● Caption-style text data:
----------------
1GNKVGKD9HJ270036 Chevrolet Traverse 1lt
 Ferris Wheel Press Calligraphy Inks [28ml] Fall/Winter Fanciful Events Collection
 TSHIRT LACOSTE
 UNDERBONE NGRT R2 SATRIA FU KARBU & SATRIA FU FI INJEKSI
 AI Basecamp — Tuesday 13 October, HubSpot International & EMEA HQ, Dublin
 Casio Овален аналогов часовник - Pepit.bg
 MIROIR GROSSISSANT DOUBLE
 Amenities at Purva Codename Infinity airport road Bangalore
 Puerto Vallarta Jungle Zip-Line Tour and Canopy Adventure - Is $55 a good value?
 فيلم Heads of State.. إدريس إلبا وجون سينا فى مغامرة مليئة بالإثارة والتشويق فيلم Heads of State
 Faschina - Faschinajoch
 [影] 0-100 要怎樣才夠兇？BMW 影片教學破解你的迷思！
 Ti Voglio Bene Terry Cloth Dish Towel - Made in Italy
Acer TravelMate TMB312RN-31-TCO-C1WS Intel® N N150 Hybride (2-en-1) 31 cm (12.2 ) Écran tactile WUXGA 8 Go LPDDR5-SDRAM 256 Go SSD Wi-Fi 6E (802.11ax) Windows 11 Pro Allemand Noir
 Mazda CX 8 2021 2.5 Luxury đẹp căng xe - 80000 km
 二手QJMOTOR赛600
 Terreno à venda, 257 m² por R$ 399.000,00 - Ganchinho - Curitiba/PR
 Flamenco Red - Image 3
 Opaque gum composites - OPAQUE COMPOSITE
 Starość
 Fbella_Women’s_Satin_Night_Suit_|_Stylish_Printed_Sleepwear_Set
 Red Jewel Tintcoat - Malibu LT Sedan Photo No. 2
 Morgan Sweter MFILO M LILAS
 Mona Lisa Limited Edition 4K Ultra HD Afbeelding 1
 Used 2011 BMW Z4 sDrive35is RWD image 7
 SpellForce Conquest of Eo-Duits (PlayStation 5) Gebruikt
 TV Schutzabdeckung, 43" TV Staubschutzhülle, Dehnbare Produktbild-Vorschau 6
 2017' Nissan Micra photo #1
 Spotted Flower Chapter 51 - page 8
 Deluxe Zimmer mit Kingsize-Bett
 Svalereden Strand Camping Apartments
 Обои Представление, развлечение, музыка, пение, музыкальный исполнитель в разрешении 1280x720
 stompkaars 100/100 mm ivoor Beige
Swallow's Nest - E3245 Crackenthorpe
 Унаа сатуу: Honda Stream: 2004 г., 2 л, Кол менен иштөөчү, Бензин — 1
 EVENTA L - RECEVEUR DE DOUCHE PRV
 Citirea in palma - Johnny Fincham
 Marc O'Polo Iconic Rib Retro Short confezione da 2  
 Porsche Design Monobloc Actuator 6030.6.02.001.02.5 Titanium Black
----------------
● PROMPT: Set down the entries above again, word for word.

● OUTPUT OF THE TASK:
1GNKVGKD9HJ270036 Chevrolet Traverse 1lt
 Ferris Wheel Press Calligraphy Inks [28ml] Fall/Winter Fanciful Events Collection
 TSHIRT LACOSTE
 UNDERBONE NGRT R2 SATRIA FU KARBU & SATRIA FU FI INJEKSI
 AI Basecamp — Tuesday 13 October, HubSpot International & EMEA HQ, Dublin
 Casio Овален аналогов часовник - Pepit.bg
 MIROIR GROSSISSANT DOUBLE
 Amenities at Purva Codename Infinity airport road Bangalore
 Puerto Vallarta Jungle Zip-Line Tour and Canopy Adventure - Is $55 a good value?
 فيلم Heads of State.. إدريس إلبا وجون سينا فى مغامرة مليئة بالإثارة والتشويق فيلم Heads of State
 Faschina - Faschinajoch
 [影] 0-100 要怎樣才夠兇？BMW 影片教學破解你的迷思！
 Ti Voglio Bene Terry Cloth Dish Towel - Made in Italy
Acer TravelMate TMB312RN-31-TCO-C1WS Intel® N N150 Hybride (2-en-1) 31 cm (12.2 ) Écran tactile WUXGA 8 Go LPDDR5-SDRAM 256 Go SSD Wi-Fi 6E (802.11ax) Windows 11 Pro Allemand Noir
 Mazda CX 8 2021 2.5 Luxury đẹp căng xe - 80000 km
 二手QJMOTOR赛600
 Terreno à venda, 257 m² por R$ 399.000,00 - Ganchinho - Curitiba/PR
 Flamenco Red - Image 3
 Opaque gum composites - OPAQUE COMPOSITE
 Starość
 Fbella_Women’s_Satin_Night_Suit_|_Stylish_Printed_Sleepwear_Set
 Red Jewel Tintcoat - Malibu LT Sedan Photo No. 2
 Morgan Sweter MFILO M LILAS
 Mona Lisa Limited Edition 4K Ultra HD Afbeelding 1
 Used 2011 BMW Z4 sDrive35is RWD image 7
 SpellForce Conquest of Eo-Duits (PlayStation 5) Gebruikt
 TV Schutzabdeckung, 43" TV Staubschutzhülle, Dehnbare Produktbild-Vorschau 6
 2017' Nissan Micra photo #1
 Spotted Flower Chapter 51 - page 8
 Deluxe Zimmer mit Kingsize-Bett
 Svalereden Strand Camping Apartments
 Обои Представление, развлечение, музыка, пение, музыкальный исполнитель в разрешении 1280x720
 stompkaars 100/100 mm ivoor Beige
Swallow's Nest - E3245 Crackenthorpe
 Унаа сатуу: Honda Stream: 2004 г., 2 л, Кол менен иштөөчү, Бензин — 1
 EVENTA L - RECEVEUR DE DOUCHE PRV
 Citirea in palma - Johnny Fincham
 Marc O'Polo Iconic Rib Retro Short confezione da 2  
 Porsche Design Monobloc Actuator 6030.6.02.001.02.5 Titanium Black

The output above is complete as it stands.